» **Exercise material**
=-=-=-=-=
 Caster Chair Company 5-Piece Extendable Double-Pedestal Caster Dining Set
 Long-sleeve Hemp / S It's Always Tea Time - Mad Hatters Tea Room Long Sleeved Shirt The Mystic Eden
=-=-=-=-=
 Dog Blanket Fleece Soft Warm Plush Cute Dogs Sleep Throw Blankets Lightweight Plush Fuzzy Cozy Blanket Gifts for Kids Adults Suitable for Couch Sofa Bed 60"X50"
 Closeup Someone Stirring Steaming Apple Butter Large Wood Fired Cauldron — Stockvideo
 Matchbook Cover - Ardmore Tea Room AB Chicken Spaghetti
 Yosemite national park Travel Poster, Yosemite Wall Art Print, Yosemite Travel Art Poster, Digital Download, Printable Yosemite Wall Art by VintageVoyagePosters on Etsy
=-=-=-=-=
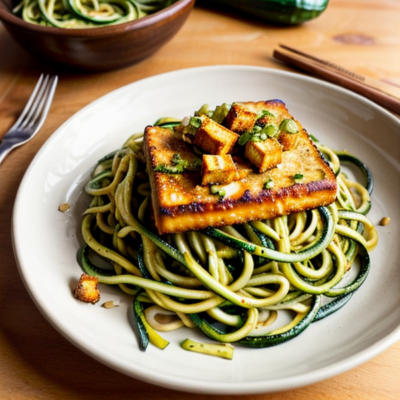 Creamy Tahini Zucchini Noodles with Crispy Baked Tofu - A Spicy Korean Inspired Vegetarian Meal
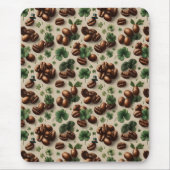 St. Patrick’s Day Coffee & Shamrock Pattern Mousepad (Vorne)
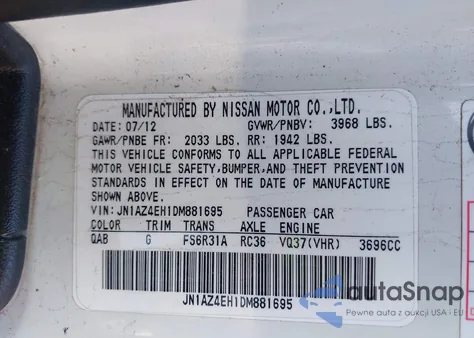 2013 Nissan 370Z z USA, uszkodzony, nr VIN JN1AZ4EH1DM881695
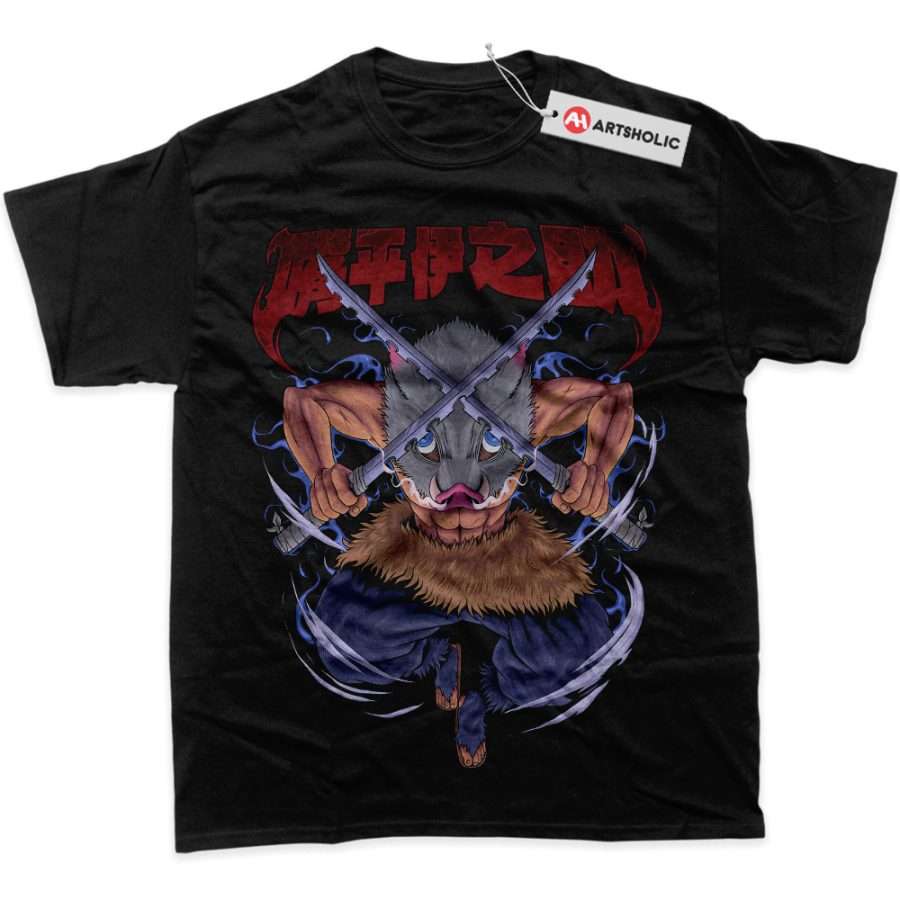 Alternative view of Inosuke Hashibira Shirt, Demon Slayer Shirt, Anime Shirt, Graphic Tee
=-=-=-=-=
» **Directions for this task**
Leaving out the pictures, please output the lines in the entries above from the one with "St. Patrick’s Day" through the one with "Alternative view of", exactly as they are.

» **Task answer**
 St. Patrick’s Day Coffee & Shamrock Pattern Mousepad (Vorne)
 2013 Nissan 370Z z USA, uszkodzony, nr VIN JN1AZ4EH1DM881695
 Alternative view of Inosuke Hashibira Shirt, Demon Slayer Shirt, Anime Shirt, Graphic Tee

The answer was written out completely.